Le Code pénal malien érige, en délit punissable d’emprisonnement et d’amende, « les atteintes au Crédit de l’État ». Il rappelle la possibilité de condamnation de « ceux qui, par des voies et moyens quelconques, ont sciemment propagé dans le public des fausses nouvelles ou des allégations mensongères de nature à ébranler directement ou indirectement sa confiance dans le crédit de l’État, des collectivités territoriales, des établissements publics, de tous les organismes où ces collectivités et établissements publics ont une participation ». C’est une des nombreuses limites de la liberté d’expression. Donc est-ce à considérer le malien lambda n’aurait plus le droit d’exprimer une opinion dont il n’est pas convaincu de sa véracité et de sa pertinence ? Dans l’affirmative, il devrait être auditionné et mis sous mandat de dépôt à chaque fois qu’il exprimerait une opinion, fût-elle fausse, sans diffamation ? Après tout, l’expression libre d’une vérité relative n’est-elle pas un droit ?

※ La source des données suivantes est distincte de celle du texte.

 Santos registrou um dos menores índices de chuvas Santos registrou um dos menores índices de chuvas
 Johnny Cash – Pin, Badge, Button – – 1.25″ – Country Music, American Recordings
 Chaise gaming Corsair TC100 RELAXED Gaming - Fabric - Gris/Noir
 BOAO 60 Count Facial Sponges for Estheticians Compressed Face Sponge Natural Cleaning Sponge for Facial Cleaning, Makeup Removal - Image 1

De toute façon, s’il est une certitude que Ben Le Cerveau est cet homme qui n’a jamais caché sa proximité avec les Princes du Jour, il est aussi une réalité qu’il n’a de cesse œuvré à garder sa liberté d’opinion. Même ses détracteurs doivent lui reconnaître cette qualité. D’ailleurs, un grand Penseur n’a-t-il pas dit un jour, « je déteste vos opinions mais je me ferai tuer pour que vous ayez le droit de les exprimer ». Aussi, dans le même ordre d’idées, une sagesse malienne nous enseigne: « Si tu n’as personne pour te critiquer, alors payes quelqu’un pour le faire ». N’est-ce pas que ce sont les critiques et autocritiques qui auraient manqué à feu Ibrahim Boubacar Keïta et son régime ? « Mandé Massa » et son entourage politique étaient, on le sait, allergiques aux critiques. Mêmes les plus constructives n’étaient pas les bienvenues ! Mais cette attitude avait-elle pu empêcher au régime IBK de ne pas chuter ? Que non !

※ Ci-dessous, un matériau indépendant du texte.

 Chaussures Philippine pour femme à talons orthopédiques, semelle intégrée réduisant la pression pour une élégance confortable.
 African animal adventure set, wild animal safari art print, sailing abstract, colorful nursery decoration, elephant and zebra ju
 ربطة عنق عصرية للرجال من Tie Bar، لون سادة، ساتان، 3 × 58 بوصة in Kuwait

C’est vrai, la liberté a incontestablement des limites, c’est d’ailleurs ce qui fait tout son intérêt. Mais les limites posées par la loi doivent néanmoins être interprétées intelligemment. C’est d’ailleurs tout le sens de l’Article 4 de la Constitution de 1992 qui stipule: « Toute personne a droit à la liberté de pensée, de conscience, de religion, de culte, d’opinion, d’expression et de création dans le respect de la loi ». Les mêmes termes sont textuellement repris par l’article 14 la Constitution de 2023.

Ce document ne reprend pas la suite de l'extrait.